With Rural Society's new location opening earlier this month in the Loews Chicago hotel, Chef Jose Garces, founder of the eponymous multi-concept Garces Group, returns to his hometown.
"With the number of steakhouses we have in Chicago, Jose wanted to give everyone his version of what a steakhouse could be," says Chef de Cuisine Cory Morris, who joins Rural Society after seven years at Mercat a la Planxa, also a Jose Garces concept.
Rural Society's first location opened in the Loews Madison hotel in Washington, D.C., last summer. Its sequel in Chicago will follow the same pattern of high-end, authentic Argentine cuisine, including wood-fired meats and fish prepared desde la parilla, or on a grill that uses of charcoal and an Argentine hardwood called quebracho.

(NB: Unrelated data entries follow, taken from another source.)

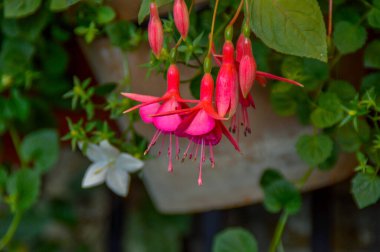 Yeşil yapraklarla asılı kırmızı çiçekler ve arkasında beyaz bir çiçek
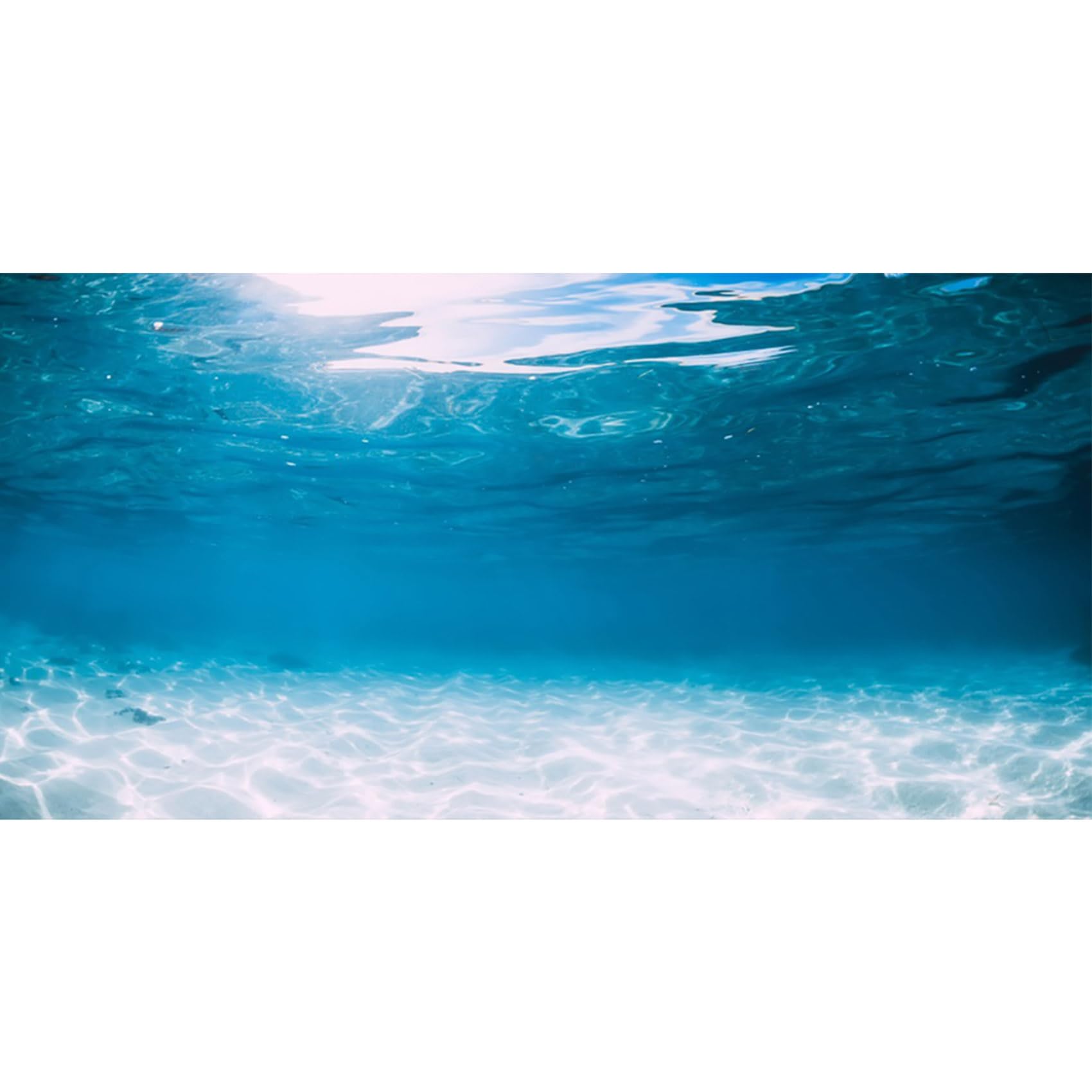 MIRRORANG 180x61cm Underwater World Fish Tank Poster Background Ocean Floor Aquarium Background Decoration for Fish Tank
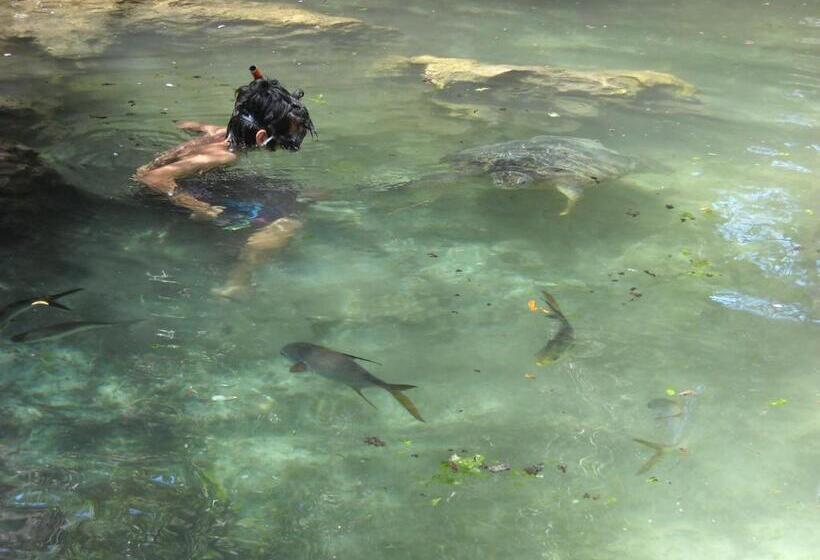 Bed and Breakfast Baraka Aquarium Bungalows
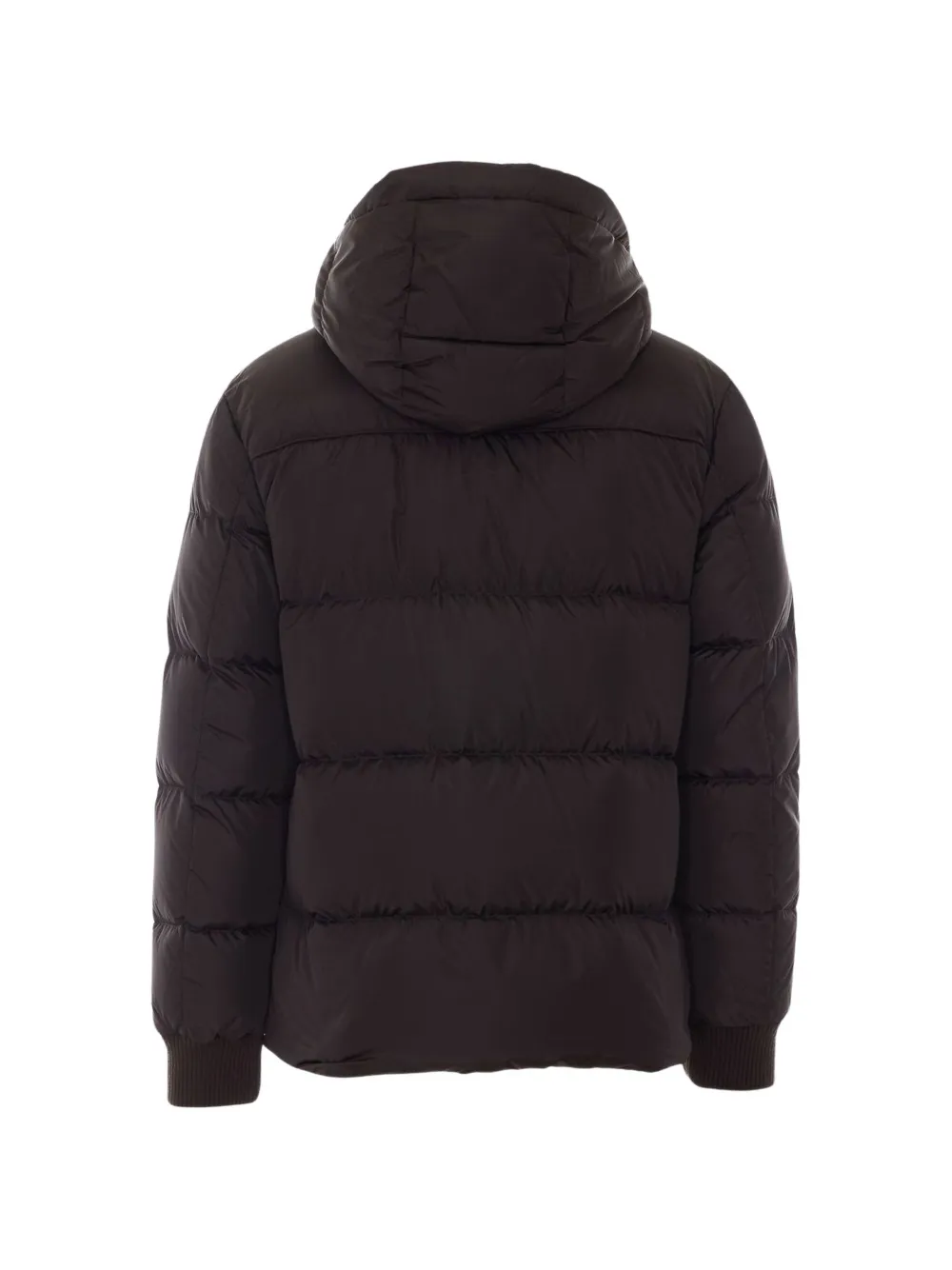 Add Gevoerd jack met capuchon Zwart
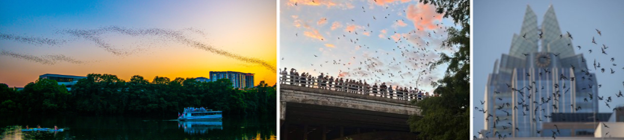 Bat Viewing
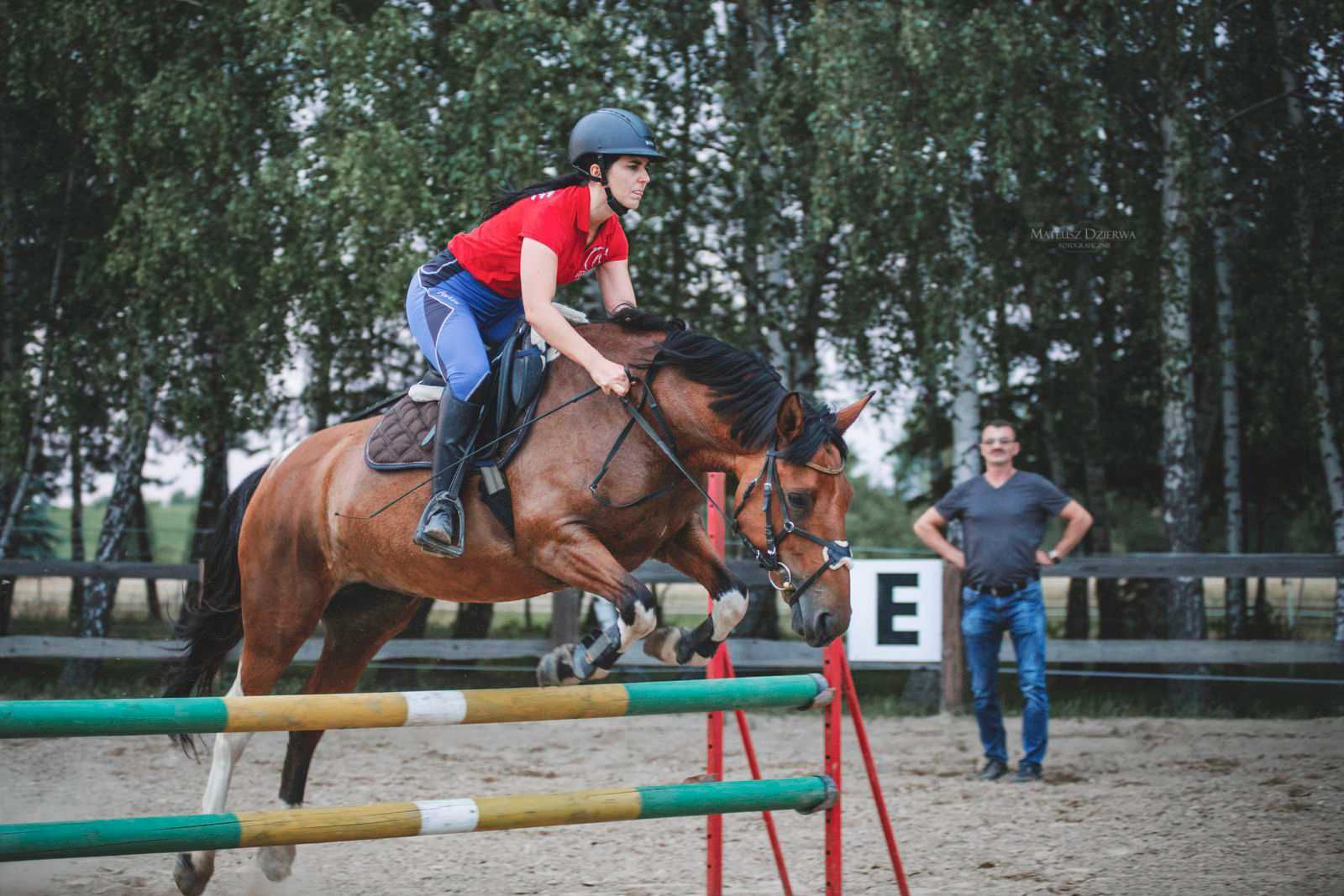 Klacz do małego sportu/ambitnej rekreacji FJORINA 8lat, 144cm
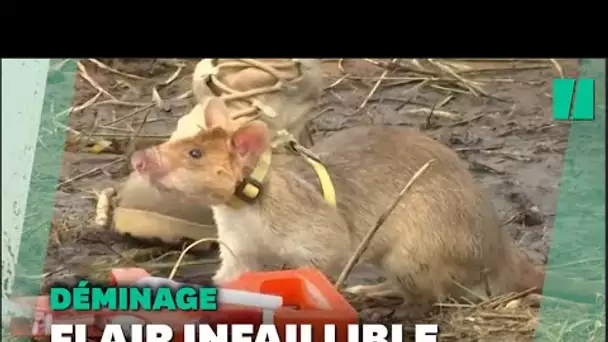 Une armée de rats entraînés à détecter des mines au Cambodge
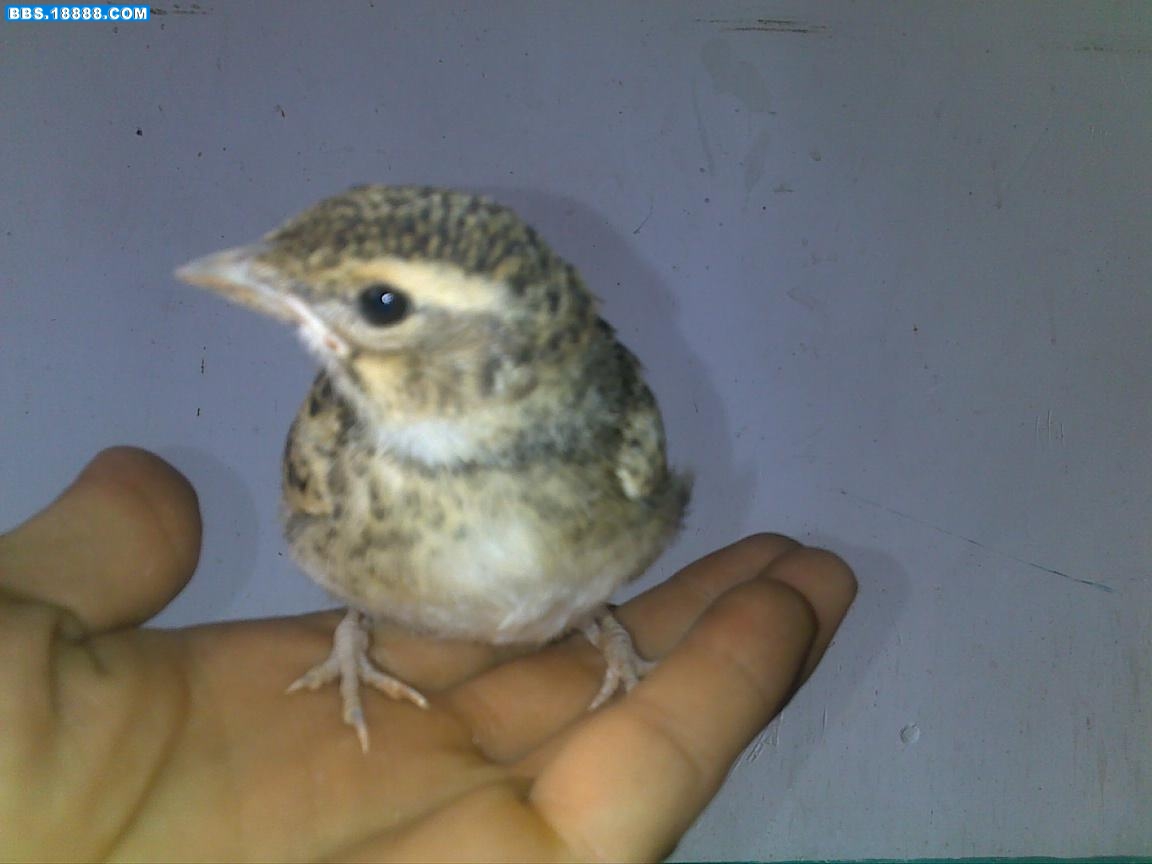 20100623337.jpg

The beverage program also stays true to its roots with a wine list that is 80 percent South American, while the cocktail program harkens to traditional Argentine and South American sips.
FSR spoke with Chef Morris during Rural Society’s second week of operation to learn what guests can expect from the new location, how the Garces Group may localize the restaurant to support Chicago's tastes, and how it is handling sourcing.
Chef Morris says the menu in Chicago is the same as the D.C. location, but he expects that to change slightly with Rural Society's first seasonal menu change, which will cater a bit more to the Chicago market.
"We have these conversations with the chefs in the Garces group a lot,” Chef Morris says when asked how the restaurant might localize its offerings to Chicago tastes. “We talk about some of the dishes that are hits and some that are misses. I think Chicago has a very experimental palate. And with Rural Society and our approach, we'll be able to have some unique combinations."
Argentine cuisine is heavily based in meat and cheese, so Chef Morris says guests can expect plays on classics such as the Matambre, which traditionally is a skirt steak served with carrot and boiled egg. "We gave it a more modern update with poached quail egg and carrot chimichuri, and we use a really nice imported filet for the herb crusted beef tenderloin."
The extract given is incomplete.